» **What the task requires**
Retype the lines below exactly, but only those from the line that has "Kachny v klidu" through the line that has "CONCEIVING IN GREECE". Omit every picture.

» **Provided records**
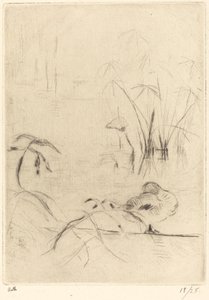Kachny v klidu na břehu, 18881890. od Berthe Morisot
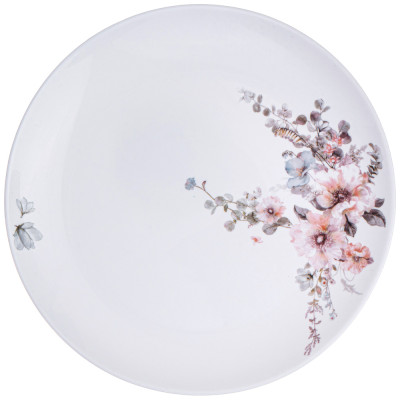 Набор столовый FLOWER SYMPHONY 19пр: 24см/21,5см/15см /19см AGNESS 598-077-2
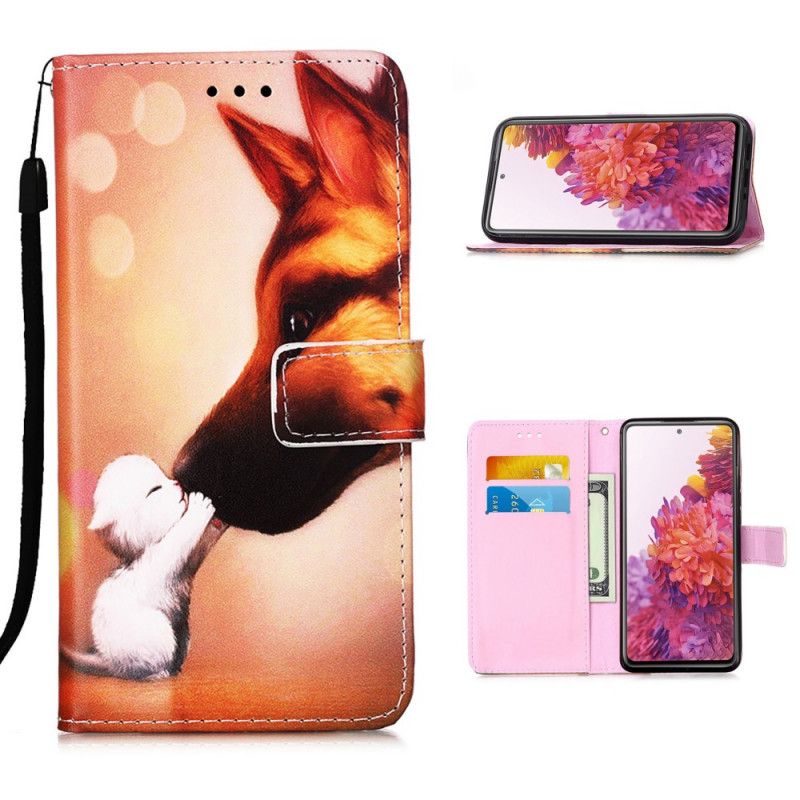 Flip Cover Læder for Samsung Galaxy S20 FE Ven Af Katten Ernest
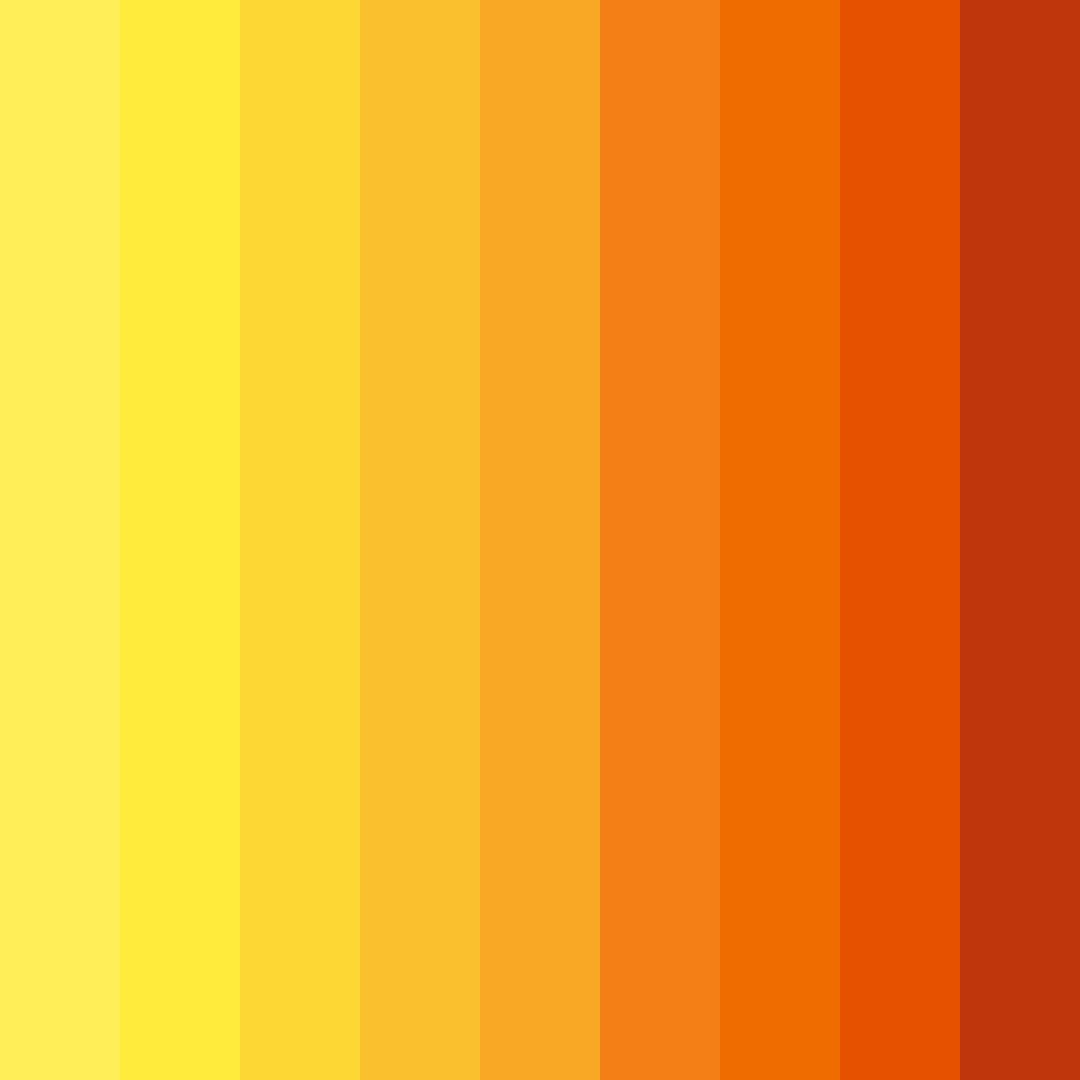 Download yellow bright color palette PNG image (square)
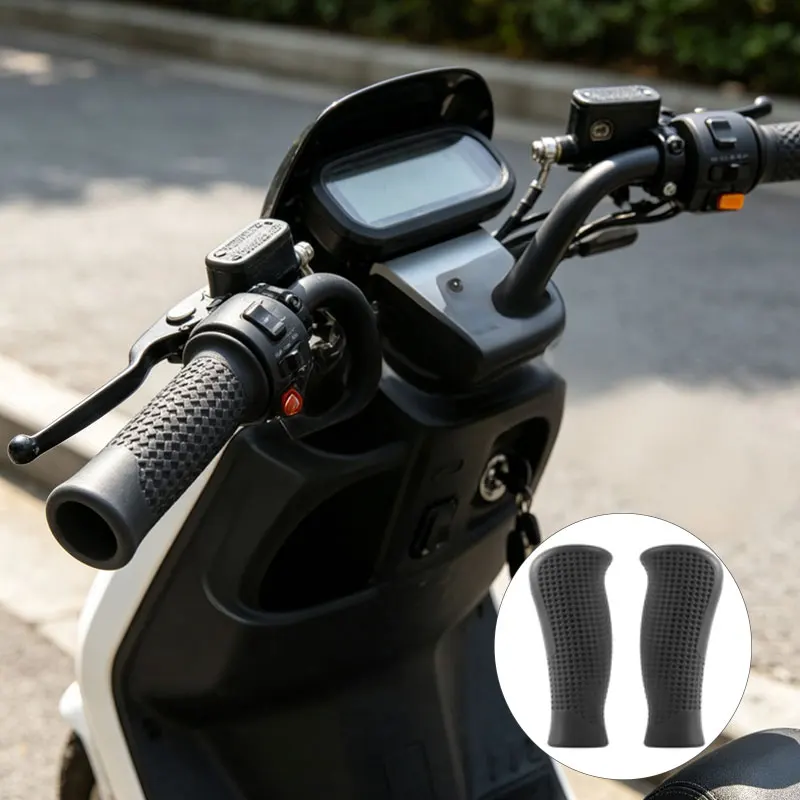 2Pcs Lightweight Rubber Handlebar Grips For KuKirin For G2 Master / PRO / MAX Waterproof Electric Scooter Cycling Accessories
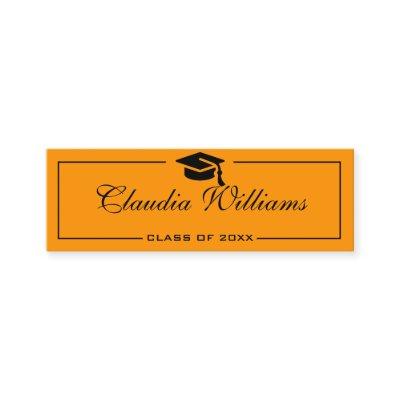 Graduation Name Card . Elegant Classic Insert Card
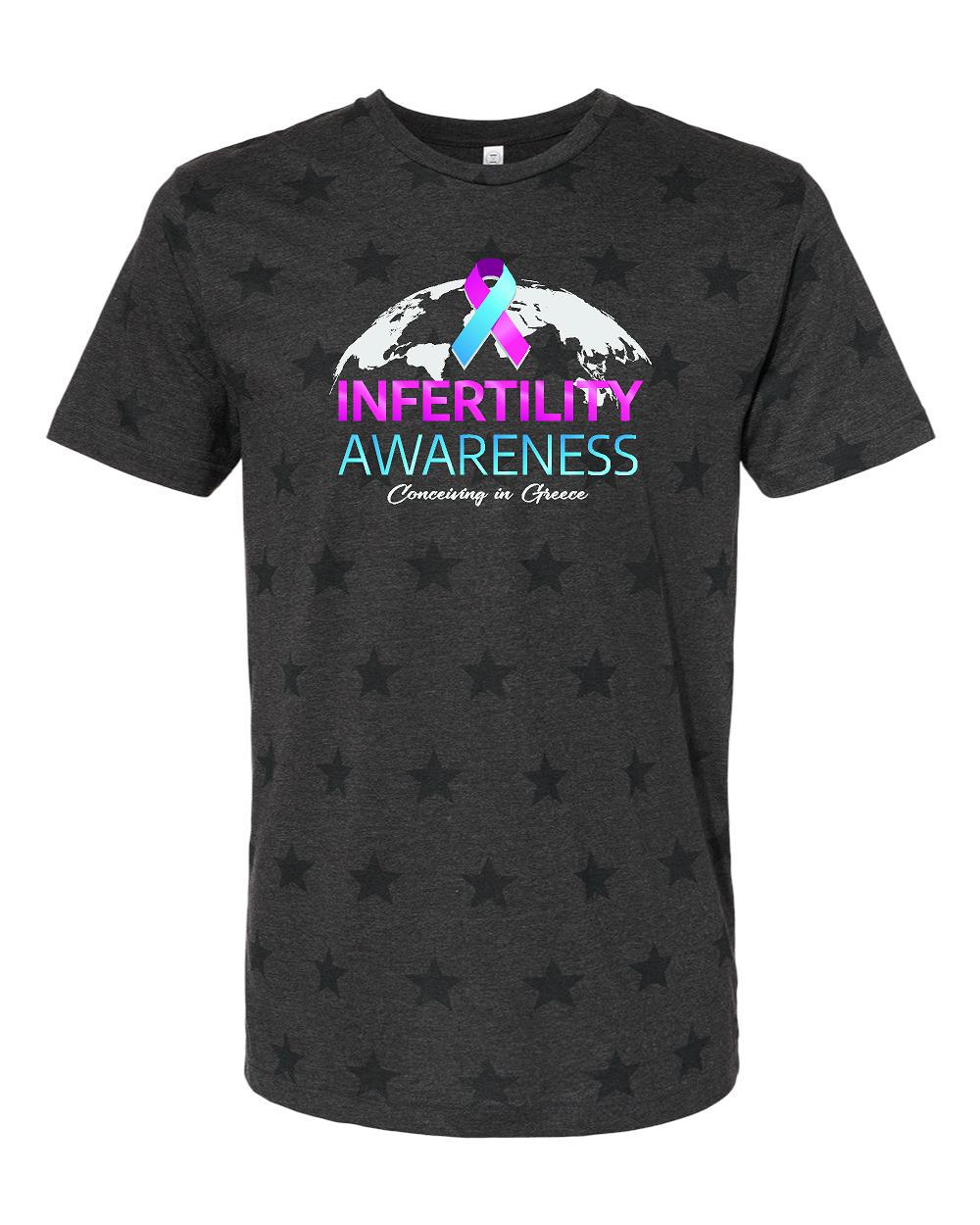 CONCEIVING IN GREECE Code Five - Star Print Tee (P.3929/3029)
--
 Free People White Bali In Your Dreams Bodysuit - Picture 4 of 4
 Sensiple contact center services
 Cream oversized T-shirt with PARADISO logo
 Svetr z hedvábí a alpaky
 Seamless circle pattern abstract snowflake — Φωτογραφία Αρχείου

» **Answer to the problem**
Kachny v klidu na břehu, 18881890. od Berthe Morisot
 Набор столовый FLOWER SYMPHONY 19пр: 24см/21,5см/15см /19см AGNESS 598-077-2
 Flip Cover Læder for Samsung Galaxy S20 FE Ven Af Katten Ernest
 Download yellow bright color palette PNG image (square)
 2Pcs Lightweight Rubber Handlebar Grips For KuKirin For G2 Master / PRO / MAX Waterproof Electric Scooter Cycling Accessories
 Graduation Name Card . Elegant Classic Insert Card
 CONCEIVING IN GREECE Code Five - Star Print Tee (P.3929/3029)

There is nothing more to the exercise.